Task details:
The response should consist of every line below, restated exactly, with no pictures.
[Data block Boundary: Start]
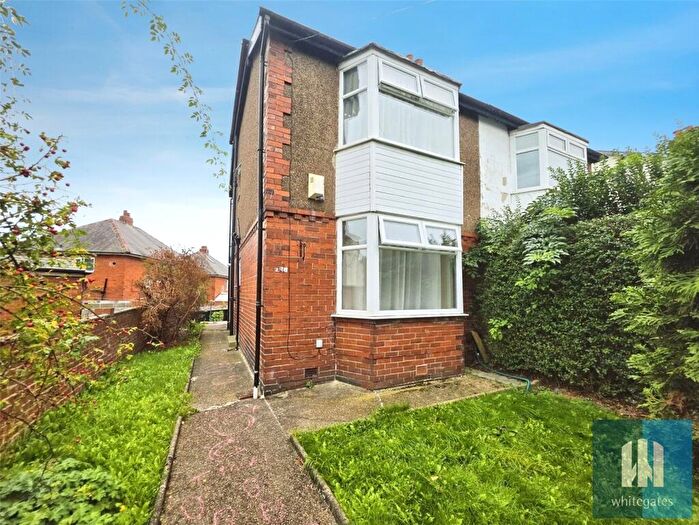 3 Bedroom Semi-Detached House For Sale In Alder Street, Fartown, Huddersfield, HD2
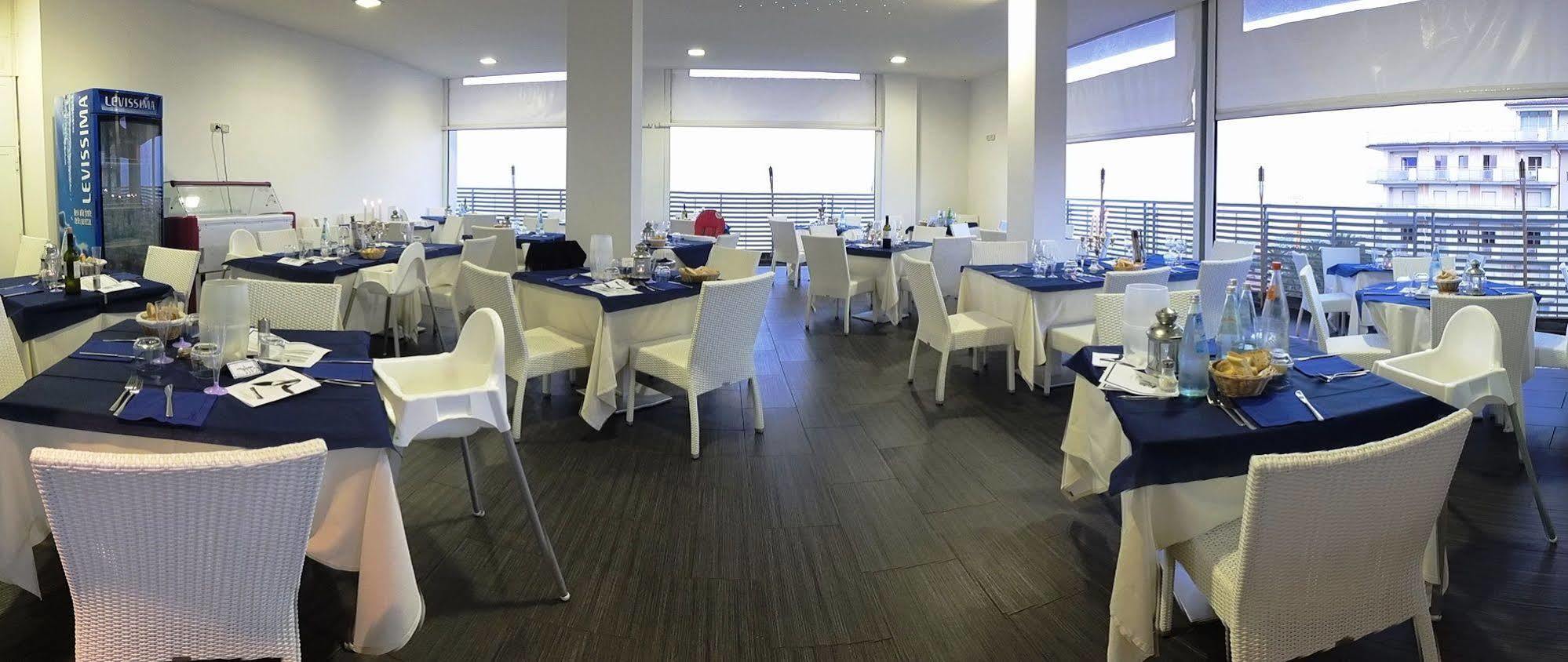 Medi Garden Hotel&Residence Alba Adriatica Εξωτερικό φωτογραφία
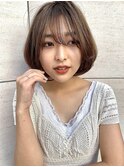大人かわいいグレージュワンカール小顔ボブ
[Data block Boundary: End]
Output of the task:
 3 Bedroom Semi-Detached House For Sale In Alder Street, Fartown, Huddersfield, HD2
 Medi Garden Hotel&Residence Alba Adriatica Εξωτερικό φωτογραφία
大人かわいいグレージュワンカール小顔ボブ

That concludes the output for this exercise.